If you are using a horizontal lifeline, travel restraint can be achieved by ensuring that your lanyard does not allow you to reach the edge of the roof or platform on which you are working. 10 feet to the edge? A 6’ lanyard will prevent you from getting there. At least on a rigid system. When dealing with wire rope, it is important that you take into account any stretch, sag, or deflection that system has. If your edge is 7’ away and you are using a 6’ lanyard, you may believe you’ve achieved fall restraint when, in reality, the rope has a 3’ deflection and your worker can fall. A false sense of security is often worse than no security at all.

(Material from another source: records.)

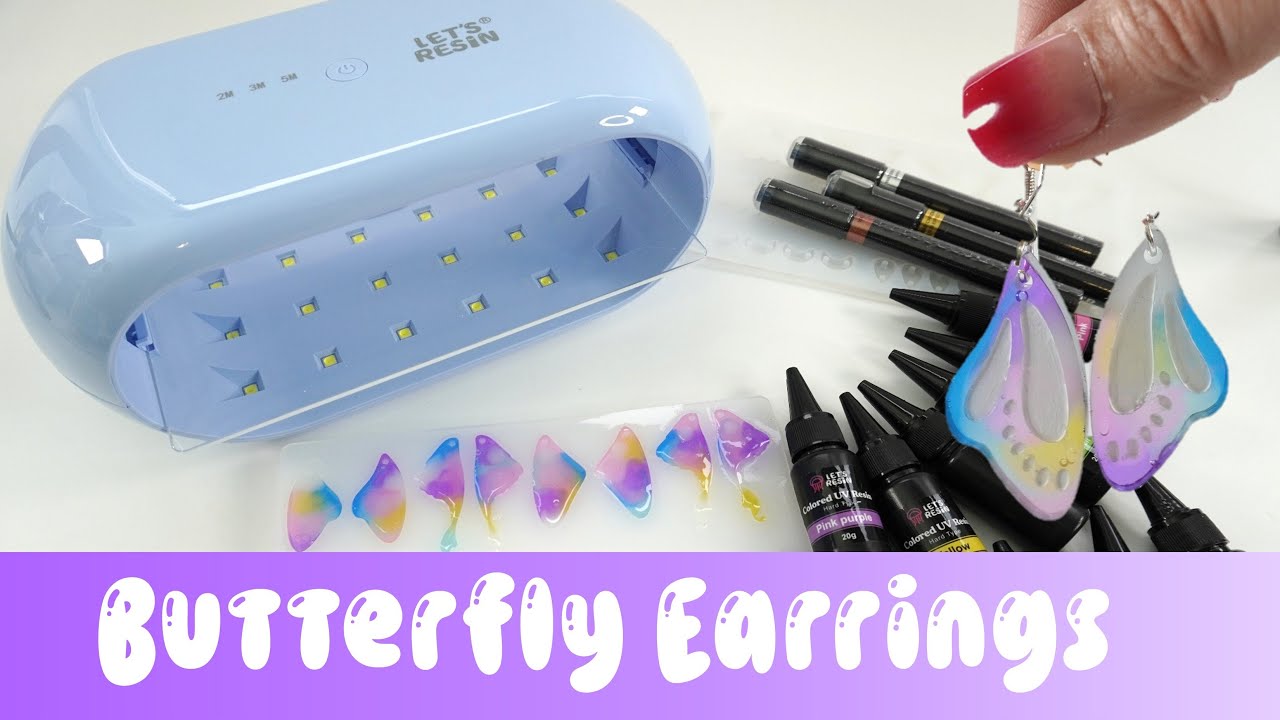 Серьги-бабочки в форме радуги с цветной УФ-смолой — легко сделать своими руками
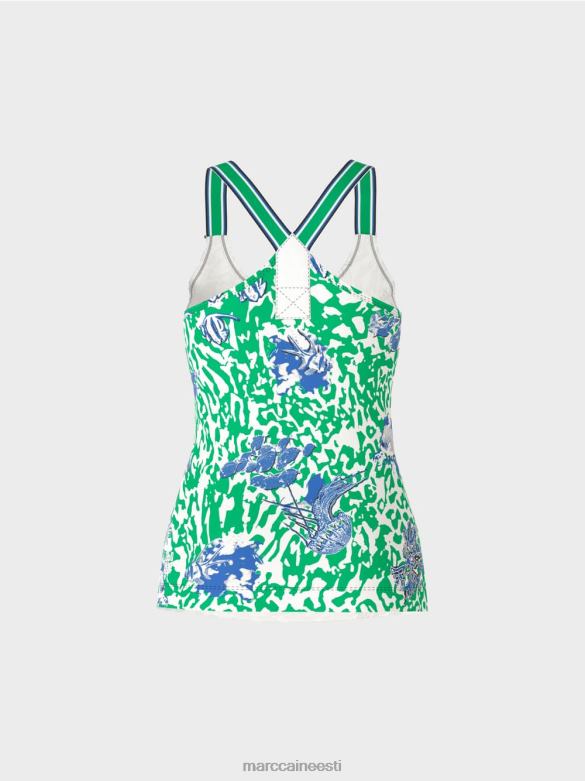 Marc Cain Riietus topp bokseriga seljaga J8DT1356 särav basiiliku leht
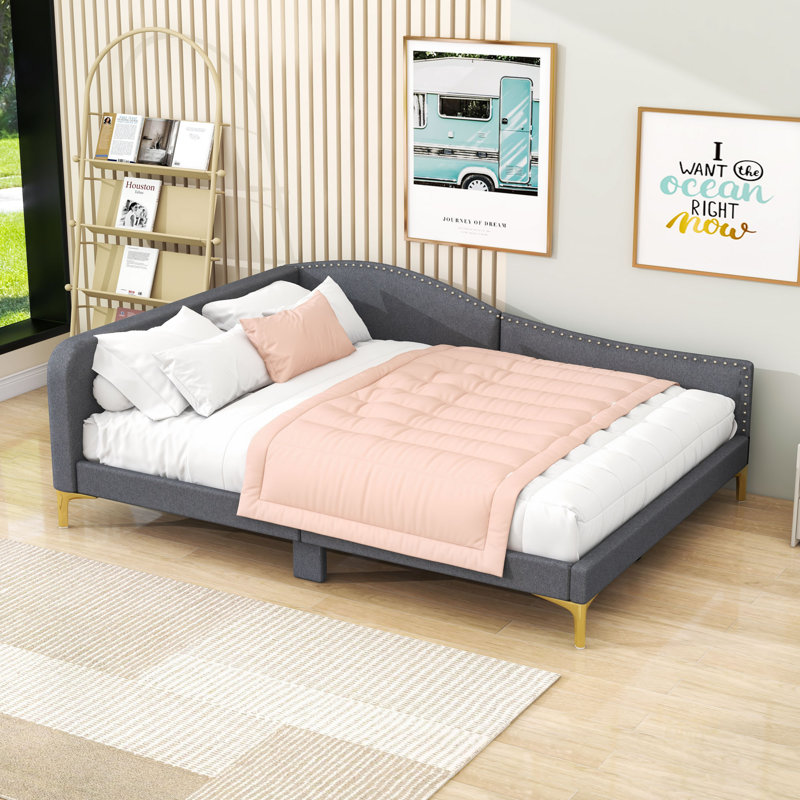 Upholstered Daybed with Elegant Design and Sturdy Frame, Grey, Full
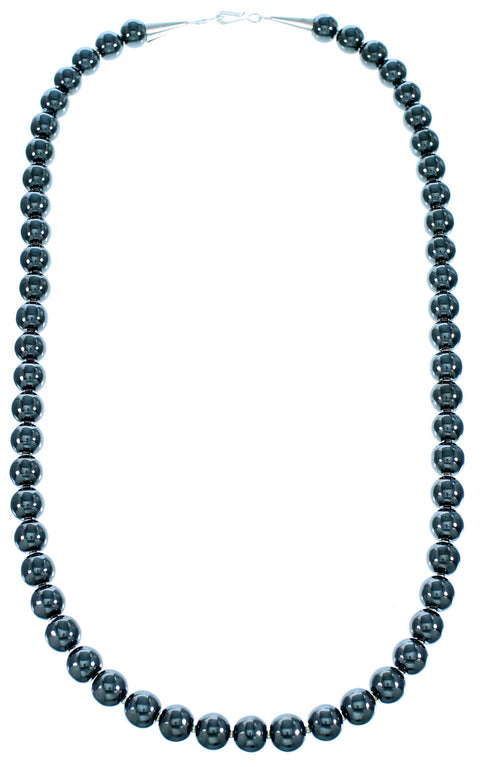 Hematite American Indian Genuine Sterling Silver Bead Necklace RX107850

Fall clearance is a fairly simple concept that turns into a big problem because people are not aware of how it works. When selecting fall protection, it is important to know that the equipment you are choosing will actually prevent you from hitting a lower level. In order to do this, you must factor in all of the necessary information: length of lanyard, length of deceleration device (if any), length of person’s body, stretch of harness, and – most important to this article – sag in the anchor system. When all is said and done, and with the obvious caveat that this number could be different in each situation, you normally need to allow 18.5’ before you can use a 6’ lanyard with a deceleration device. This number accounts for 2-3’ of sag. If you are using a rigid lifeline, then you can eliminate the sag in the anchorage system, meaning you need less room to make your solution acceptable. If you are using wire rope, you can’t just count on the amount of slack you have from tugging on the rope, but rather how much slack you’d get if thousands of pounds of force were suddenly imposed upon the system (talk to that Qualified Person!).
In the end, horizontal lifeline systems are an effective fall protection solution that could be more cost effective than other options like surrounding a roof with guardrails. The key is making sure the system is designed, installed, and used under the supervision of a Qualified Person and making sure your personnel are properly trained to use the system correctly. Using it wrong could result in unexpected falls, swing hazards, or even failure to actually tie-off. With a horizontal lifeline in place, workers will no longer be able to say, “But there’s nothing to tie-off to!”